Mortal death—to Jesus Christ—was mere sleep, a termination not of life, but a rest from the worries and cares of life.  Sleep, often referred to as beauty rest, is a tender interlude from the incessant noontime sun of harsh reality and bald scrutiny.  Though nothing cleans and disinfects like sunlight, and we are all in need of much cleansing, God gives the night at the end of each day to rejuvenate us enough to endure more antiseptic medicine tomorrow.  Sleep is like an inoculation against death, filled with enough of it to diminish our functions, but not enough to stop them.  It is the antiseptic, or the anti-decomposition of the living tissue of life.

The resurrection we Christians are destined for is only realized through the death and burial functions of that process, and each night’s sleep is a baby step towards that day, and every noontime nap, an infant nibble of the realization of its rays.  But it takes more faith to lay down and sleep than to stand and fight; sleeping and dreaming makes you more vulnerable beneath the sheets than even waking and fighting makes you behind a suit of armor with chinks in it.

Abraham, the father of faith, was never more faithful and effective than when he laid himself out prostrate in deep darkness while God moved between the pieces of his life.
     
Sleeping Beauty ate an apple and went to bed
But a valiant Prince kissed her till she shed
All the apple peels and flesh to its core
And rose before him in full restore

George Gordon Byron, famous as the poet Lord Byron, wrote this brilliant poem in the early 1800s. 

She Walks in Beauty

She walks in beauty, like the night
Of cloudless climes and starry skies;
And all that's best of dark and bright
Meet in her aspect and her eyes:
Thus mellow'd to that tender light
Which heaven to gaudy day denies.

One shade the more, one ray the less,
Had half impaired the nameless grace
Which waves in every raven tress,
Or softly lightens o'er her face;
Where thoughts serenely sweet express
How pure, how dear their dwelling-place.

And on that cheek, and o'er that brow,
So soft, so calm, yet eloquent,
The smiles that win, the tints that glow,
But tell of days in goodness spent,
A mind at peace with all below,
A heart whose love is innocent!

Feminine beauty is that beauty which is derived from and defined by a masculine perspective.  This is no commentary about gender roles or the equality /inequality of the sexes, but to distinguish mankind’s posture from God’s.  We are the bride of Christ, and we need His masculine posture to define our feminine one.  Our eternal beauty is only a reflecting one of His.  He beautifies by His love; we are worthless, unloved, and without our own internal beauty without Him first loving us. This is an unequivocally established principle throughout Scripture and much ancient literature.

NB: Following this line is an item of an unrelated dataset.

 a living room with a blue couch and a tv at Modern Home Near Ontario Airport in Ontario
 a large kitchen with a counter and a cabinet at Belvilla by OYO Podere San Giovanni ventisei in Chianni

I believe Byron, in “She walks in beauty” is saying exactly this; the innocent heart at peace within the seat of emotional man is best described as “she” in the “tender light” of “the night” which the “gaudy day denies.”  She walks in beauty which walks in less than the full light of enlightenment, and the feminine posture is the posture of faith—that posture we must all walk in if we ever expect to arrive at the destination of our eternal resting home.